Lower Expense ratio hence lower costs to investors and better liquidity
CLASSIFICATION BY INVESTMENT OBJECTIVES
Mutual funds offer products that cater to the different investment objectives of the investors such as –
Capital Appreciation (Growth)
Mutual funds also offer investment plans, such as Growth and Dividend options, to help tailor the investment to the investors’ needs.
Growth Funds are schemes that are designed to provide capital appreciation.
Primarily invest in growth-oriented assets, such as equity
Investment in growth-oriented funds require a medium to long-term investment horizon.
Historically, Equity as an asset class has outperformed most other kind of investments held over the long term. However, returns from Growth funds tend to be volatile over the short-term since the prices of the underlying equity shares may change.
Hence investors must be able to take volatility in the returns in the short-term.
The objective of Income Funds is to provide regular and steady income to investors.
Income funds invest in fixed income securities such as Corporate Bonds, Debentures and Government securities.
The fund’s return is from the interest income earned on these investments as well as capital gains from any change in the value of the securities.
The fund will distribute the income provided the portfolio generates the required returns.

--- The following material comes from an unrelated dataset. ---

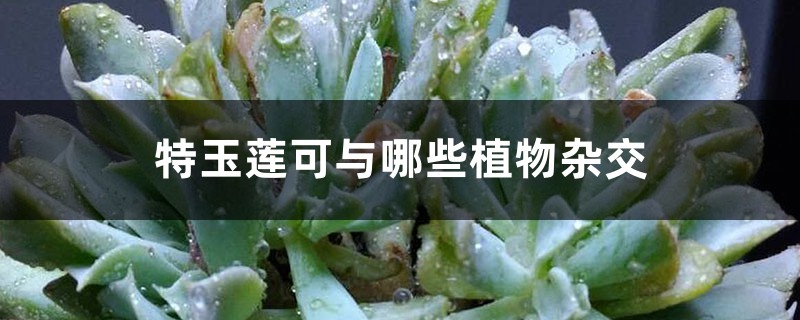 特玉蓮可與哪些植物雜交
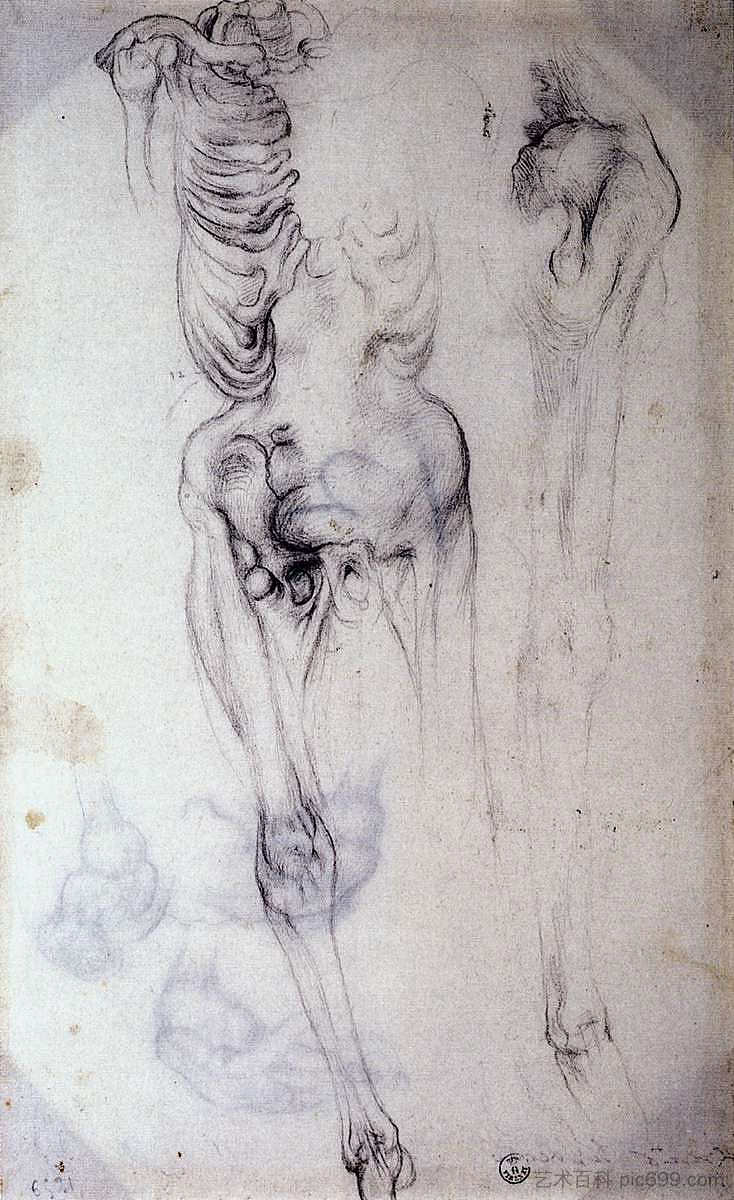 解剖学研究 Anatomical study (c.1550; Italy ),雅各布布·达·蓬托尔莫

There is no guarantee of income.
The returns will depend upon the tenor and credit quality of the securities held.
LIQUID / OVERNIGHT /MONEY MARKET MUTUAL FUNDS:
Liquid Schemes, Overnight Funds and Money market mutual fund are investment options for investors seeking liquidity and principal protection, with commensurate returns.
– The funds invest in money market instruments* with maturities not exceeding 91 days.
– The return from the funds will depend upon the short-term interest rate prevalent in the market.
These are ideal for investors who wish to park their surplus funds for short periods.
– Investors who use these funds for longer holding periods may be sacrificing better returns possible from products suitable for a longer holding period.
* Money Market Instruments includes commercial papers, commercial bills, treasury bills, Government securities having an unexpired maturity up to one year, call or notice money, certificate of deposit, usance bills, and any other like instruments as specified by the Reserve Bank of India from time to time.
CLASSIFICATION BY INVESTMENT PORTFOLIO
Mutual fund products can be classified based on their underlying portfolio composition
– The first level of categorization will be based on the asset class the fund invests in, such as equity / debt / money market instruments or gold.
– The second level of categorization is based on strategies and styles used to create the portfolio, such as, Income fund, Dynamic Bond Fund, Infrastructure fund, Large-cap/Mid-cap/Small-cap Equity fund, Value fund, etc.
– The portfolio composition flows out of the investment objectives of the scheme.